At St. Luke’s Church in Durham, North Carolina, for as little as $3, gift-givers could aid American Red Cross’s efforts to wipe out measles, which kills an estimated 164,000 people yearly, mostly children in developing countries. In exchange, the gift givers received a pen and a bow to give to those they wanted to honor.
Jean Willard, a retired volunteer director who organized St. Luke’s Dec. 11 alternative fair, said she factors in a range of issues when inviting international and local agencies to participate in the yearly event.
“We always try and do something concerning education, approaching the Millennium Development Goals, and there’s a strong health emphasis as well as housing and urban ministries,” she said during a recent telephone interview from her home.
For example, $50 purchased a pack-and-play crib for low-income families through a local ‘Cribs for Kids’ program. Families unable to purchase cribs were sleeping with their children and the incidence of sudden infant death syndrome or SIDS was greater than in other populations, she said.
Again, Episcopal Relief & Development’s NetsforLife was a popular item; other offerings included the Wiser School for Girls in Keny, as well as aid for families of children undergoing bone marrow transplants at a local hospital and a “Crayons to Calculator” program that makes school supplies available to teachers in low-income districts, she said.
At $11,000 and still counting, Willard said proceeds from the fair were “up dramatically” this year, despite the economic downturn.

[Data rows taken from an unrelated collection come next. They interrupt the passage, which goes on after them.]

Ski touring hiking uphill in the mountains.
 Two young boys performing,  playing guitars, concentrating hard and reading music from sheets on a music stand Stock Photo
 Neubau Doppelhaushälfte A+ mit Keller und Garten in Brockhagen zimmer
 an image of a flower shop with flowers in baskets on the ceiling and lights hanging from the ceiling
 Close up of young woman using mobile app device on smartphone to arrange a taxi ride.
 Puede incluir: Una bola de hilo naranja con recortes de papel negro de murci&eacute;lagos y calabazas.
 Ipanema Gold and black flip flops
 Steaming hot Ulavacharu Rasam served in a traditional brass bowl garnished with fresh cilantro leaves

She feels strongly that those “who have” need to share with those who “aren’t so well off. It’s a way you can provide opportunities for people that might not go online and donate, and this gives it a face. It’s an outlet for people on a more personal level to help address these needs and think more consciously of this kind of gift-giving during the holidays.”
Alternative gift fairs “are a concept I’d like to see expanded,” she said. “It’s very easy to put one together, a few e-mails and a few phone calls. The nonprofits are out there, they hop on an opportunity and it’s easy enough for other churches to get involved.”
–The Rev. Pat McCaughan is a correspondent for the Episcopal News Service. She is based in Los Angeles.